Tax Court of Canada Judgments

Decision Information

Decision Content

 

 

 

Docket: 2008-1848(IT)I

BETWEEN:

JOVAN SPASIC,

Appellant,

and

 

HER MAJESTY THE QUEEN,

Respondent.

____________________________________________________________________

 

Appeal heard on February 26, 2009, at London, Ontario.

 

Before: The Honourable Justice Patrick Boyle

 

Appearances:

 

For the Appellant:

The Appellant himself

 

 

Counsel for the Respondent:

Tanis Halpape

____________________________________________________________________

 

JUDGMENT

 

          The appeal from the reassessments made under the Income tax Act for the 2003, 2004 and 2005 taxation years is dismissed without costs.

 

 

Signed at Ottawa, Canada, this 7th day of April 2009.

 

 

 

 

"Patrick Boyle"

Boyle J.


 

 

 

Citation: 2009 TCC 193

Date: 20090407

Docket: 2008-1848(IT)I

BETWEEN:

JOVAN SPASIC,

Appellant,

and

 

HER MAJESTY THE QUEEN,

Respondent.

 

 

REASONS FOR JUDGMENT

 

 

Boyle J.

 

[1]              Mr. Spasic is employed full-time at Ford Motors as a millwright.
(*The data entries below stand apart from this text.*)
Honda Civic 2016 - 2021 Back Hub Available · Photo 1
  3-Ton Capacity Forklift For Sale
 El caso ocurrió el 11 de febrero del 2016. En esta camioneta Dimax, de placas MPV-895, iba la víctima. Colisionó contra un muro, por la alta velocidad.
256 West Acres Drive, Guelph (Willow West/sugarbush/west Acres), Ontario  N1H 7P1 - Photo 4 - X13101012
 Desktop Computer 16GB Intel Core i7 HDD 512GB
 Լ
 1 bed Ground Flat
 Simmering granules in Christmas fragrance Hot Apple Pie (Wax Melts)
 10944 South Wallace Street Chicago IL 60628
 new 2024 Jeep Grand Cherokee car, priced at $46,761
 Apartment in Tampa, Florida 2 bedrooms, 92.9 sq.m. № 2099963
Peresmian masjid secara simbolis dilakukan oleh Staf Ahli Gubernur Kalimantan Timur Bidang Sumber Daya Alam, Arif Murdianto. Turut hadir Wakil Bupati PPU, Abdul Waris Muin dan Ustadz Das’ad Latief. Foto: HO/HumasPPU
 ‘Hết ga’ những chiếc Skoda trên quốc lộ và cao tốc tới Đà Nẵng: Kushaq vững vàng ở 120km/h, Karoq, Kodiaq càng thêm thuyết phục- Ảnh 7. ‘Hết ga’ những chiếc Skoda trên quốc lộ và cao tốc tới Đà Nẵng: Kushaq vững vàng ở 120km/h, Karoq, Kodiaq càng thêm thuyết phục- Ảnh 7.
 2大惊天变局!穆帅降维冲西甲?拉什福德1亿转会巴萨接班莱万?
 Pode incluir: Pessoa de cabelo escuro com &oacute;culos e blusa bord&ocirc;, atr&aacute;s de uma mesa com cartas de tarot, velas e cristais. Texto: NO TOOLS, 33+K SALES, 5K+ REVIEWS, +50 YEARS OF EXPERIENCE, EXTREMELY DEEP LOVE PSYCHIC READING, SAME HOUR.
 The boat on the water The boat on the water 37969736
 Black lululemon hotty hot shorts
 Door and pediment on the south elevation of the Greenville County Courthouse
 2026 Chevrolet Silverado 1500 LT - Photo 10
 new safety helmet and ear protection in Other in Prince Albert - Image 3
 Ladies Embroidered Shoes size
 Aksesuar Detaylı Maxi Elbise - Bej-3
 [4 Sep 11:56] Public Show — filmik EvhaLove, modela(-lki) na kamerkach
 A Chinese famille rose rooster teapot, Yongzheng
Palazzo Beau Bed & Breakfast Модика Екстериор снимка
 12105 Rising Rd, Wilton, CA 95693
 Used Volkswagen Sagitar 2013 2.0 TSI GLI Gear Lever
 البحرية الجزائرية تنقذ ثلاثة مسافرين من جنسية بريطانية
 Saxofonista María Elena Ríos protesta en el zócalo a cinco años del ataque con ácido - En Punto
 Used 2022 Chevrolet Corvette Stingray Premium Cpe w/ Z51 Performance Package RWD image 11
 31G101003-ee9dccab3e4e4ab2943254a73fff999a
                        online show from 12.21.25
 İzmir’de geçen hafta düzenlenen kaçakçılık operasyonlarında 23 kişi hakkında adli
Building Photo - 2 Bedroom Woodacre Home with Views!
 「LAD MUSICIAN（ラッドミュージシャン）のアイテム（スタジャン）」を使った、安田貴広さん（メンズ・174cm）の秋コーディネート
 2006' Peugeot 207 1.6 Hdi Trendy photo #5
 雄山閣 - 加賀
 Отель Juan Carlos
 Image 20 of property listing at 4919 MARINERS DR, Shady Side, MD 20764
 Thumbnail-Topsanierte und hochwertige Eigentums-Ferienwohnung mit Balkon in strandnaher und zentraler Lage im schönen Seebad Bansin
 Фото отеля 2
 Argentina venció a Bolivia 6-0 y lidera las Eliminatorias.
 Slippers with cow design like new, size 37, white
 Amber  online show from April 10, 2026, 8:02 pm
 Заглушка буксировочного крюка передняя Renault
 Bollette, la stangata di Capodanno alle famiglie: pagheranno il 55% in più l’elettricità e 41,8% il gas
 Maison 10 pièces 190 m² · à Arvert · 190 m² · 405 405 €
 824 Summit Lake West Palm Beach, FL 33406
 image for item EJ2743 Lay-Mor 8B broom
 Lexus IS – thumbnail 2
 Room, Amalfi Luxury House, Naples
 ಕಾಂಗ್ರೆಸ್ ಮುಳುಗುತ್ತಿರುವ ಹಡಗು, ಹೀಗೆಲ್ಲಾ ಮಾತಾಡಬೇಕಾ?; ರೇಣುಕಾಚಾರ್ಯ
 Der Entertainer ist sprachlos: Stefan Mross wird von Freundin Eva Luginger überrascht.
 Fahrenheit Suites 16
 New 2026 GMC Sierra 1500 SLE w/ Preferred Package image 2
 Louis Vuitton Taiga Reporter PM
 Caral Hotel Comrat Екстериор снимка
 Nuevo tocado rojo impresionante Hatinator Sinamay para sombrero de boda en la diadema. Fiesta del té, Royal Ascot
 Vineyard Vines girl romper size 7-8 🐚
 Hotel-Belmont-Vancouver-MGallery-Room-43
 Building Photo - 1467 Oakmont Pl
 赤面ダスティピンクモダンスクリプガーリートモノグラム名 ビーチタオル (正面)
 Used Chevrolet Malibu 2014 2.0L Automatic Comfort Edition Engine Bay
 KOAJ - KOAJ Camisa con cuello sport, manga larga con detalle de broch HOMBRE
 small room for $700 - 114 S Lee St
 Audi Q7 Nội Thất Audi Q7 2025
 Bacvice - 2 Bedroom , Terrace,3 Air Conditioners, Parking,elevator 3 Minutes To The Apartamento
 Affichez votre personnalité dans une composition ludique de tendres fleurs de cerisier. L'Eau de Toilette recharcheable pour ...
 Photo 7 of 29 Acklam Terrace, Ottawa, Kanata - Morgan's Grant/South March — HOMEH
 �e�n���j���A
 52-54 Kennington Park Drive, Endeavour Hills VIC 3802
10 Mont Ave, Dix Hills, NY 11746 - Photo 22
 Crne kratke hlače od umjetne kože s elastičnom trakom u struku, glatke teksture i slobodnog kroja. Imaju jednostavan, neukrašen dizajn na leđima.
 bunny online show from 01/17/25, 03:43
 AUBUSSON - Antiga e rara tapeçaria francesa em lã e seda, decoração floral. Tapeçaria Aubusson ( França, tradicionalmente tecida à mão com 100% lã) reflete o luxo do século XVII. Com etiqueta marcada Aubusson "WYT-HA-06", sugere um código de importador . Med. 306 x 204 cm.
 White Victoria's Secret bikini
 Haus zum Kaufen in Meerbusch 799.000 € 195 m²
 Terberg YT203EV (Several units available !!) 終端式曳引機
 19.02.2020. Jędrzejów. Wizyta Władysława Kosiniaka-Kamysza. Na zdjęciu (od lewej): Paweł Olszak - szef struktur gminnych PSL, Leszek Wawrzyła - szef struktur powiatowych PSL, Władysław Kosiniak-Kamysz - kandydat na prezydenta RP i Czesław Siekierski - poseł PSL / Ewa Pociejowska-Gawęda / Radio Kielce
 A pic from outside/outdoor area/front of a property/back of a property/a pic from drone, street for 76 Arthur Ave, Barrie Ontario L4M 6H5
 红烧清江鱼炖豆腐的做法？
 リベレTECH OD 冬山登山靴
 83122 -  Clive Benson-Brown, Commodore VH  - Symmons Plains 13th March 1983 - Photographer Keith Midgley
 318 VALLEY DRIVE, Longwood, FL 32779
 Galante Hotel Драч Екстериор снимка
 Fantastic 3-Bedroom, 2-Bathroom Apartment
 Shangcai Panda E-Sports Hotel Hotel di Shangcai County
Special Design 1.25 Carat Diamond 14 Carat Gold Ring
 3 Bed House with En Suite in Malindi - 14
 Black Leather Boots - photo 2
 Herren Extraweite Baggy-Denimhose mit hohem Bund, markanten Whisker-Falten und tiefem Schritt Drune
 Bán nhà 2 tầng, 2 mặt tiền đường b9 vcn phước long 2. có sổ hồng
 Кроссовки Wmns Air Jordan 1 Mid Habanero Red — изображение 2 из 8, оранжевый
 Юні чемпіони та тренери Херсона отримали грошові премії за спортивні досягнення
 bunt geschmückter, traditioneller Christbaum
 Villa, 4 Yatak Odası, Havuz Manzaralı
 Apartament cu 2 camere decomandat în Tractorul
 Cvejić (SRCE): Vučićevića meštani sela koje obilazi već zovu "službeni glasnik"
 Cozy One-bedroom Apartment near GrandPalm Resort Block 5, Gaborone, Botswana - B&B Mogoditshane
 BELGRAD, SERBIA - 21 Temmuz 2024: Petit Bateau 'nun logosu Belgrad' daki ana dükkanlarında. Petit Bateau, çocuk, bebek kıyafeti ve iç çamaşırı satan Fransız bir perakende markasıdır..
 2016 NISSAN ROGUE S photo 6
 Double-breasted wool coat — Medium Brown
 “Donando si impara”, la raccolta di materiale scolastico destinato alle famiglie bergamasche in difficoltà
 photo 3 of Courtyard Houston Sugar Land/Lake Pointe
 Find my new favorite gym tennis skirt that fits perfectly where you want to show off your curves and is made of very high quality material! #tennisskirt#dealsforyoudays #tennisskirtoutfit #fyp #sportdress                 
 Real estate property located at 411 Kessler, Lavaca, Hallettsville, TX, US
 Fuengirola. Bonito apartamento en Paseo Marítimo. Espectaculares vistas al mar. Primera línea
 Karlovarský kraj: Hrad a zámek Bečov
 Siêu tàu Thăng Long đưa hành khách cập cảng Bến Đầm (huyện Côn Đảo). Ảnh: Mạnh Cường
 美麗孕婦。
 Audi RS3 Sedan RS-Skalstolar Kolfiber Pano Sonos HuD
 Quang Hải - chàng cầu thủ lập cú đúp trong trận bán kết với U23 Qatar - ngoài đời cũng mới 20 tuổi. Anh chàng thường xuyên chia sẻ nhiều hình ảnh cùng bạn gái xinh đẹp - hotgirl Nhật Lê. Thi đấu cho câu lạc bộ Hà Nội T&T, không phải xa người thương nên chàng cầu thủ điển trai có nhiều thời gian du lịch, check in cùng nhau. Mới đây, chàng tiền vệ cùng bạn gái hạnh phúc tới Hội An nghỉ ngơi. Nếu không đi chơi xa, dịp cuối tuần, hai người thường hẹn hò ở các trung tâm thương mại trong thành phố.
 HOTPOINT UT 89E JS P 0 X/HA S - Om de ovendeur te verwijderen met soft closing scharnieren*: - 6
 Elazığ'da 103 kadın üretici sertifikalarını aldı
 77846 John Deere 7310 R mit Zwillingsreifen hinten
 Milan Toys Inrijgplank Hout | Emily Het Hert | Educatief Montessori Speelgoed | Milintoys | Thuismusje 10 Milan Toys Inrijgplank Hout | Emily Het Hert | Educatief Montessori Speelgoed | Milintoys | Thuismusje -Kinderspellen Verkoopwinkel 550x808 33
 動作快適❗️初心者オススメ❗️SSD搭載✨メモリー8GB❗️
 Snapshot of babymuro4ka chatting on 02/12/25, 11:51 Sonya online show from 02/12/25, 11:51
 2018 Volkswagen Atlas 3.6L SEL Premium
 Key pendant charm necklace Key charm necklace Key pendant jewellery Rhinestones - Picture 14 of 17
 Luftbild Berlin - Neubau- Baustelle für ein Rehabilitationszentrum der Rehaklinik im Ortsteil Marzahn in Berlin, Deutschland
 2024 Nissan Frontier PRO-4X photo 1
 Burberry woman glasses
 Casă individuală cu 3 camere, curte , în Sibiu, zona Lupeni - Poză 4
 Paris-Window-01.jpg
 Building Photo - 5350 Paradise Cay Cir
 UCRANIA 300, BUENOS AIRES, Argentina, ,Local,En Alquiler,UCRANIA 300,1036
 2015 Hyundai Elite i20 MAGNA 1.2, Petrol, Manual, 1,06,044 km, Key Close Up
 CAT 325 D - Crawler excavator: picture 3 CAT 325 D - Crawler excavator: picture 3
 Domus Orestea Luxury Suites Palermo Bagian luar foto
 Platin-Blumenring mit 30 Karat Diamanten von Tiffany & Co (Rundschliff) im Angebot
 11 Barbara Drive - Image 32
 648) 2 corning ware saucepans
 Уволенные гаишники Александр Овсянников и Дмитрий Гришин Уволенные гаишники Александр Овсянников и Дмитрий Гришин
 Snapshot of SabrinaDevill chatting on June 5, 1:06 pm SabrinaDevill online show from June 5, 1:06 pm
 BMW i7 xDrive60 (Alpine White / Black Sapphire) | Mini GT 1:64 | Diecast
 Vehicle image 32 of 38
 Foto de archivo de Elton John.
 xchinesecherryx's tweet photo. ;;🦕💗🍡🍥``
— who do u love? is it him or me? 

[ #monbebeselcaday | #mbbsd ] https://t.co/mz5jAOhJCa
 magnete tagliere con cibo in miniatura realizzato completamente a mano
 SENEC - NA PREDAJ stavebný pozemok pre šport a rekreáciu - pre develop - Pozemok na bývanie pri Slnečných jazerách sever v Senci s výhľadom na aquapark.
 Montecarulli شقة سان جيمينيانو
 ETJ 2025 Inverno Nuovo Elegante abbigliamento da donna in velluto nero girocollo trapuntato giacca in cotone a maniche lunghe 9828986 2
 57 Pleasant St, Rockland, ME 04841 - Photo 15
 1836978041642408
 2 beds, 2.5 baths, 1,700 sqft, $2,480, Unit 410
While he gets 40 to 48 hours of work at Ford, he has concerns about Ford’s future and thus for his future employment as well. Mr. Spasic has a passion for wanting to develop things that do not yet exist, and creating things you now cannot buy. His training is in electronics and he has a background as an electronics technician in technology‑related engineering functions at major companies.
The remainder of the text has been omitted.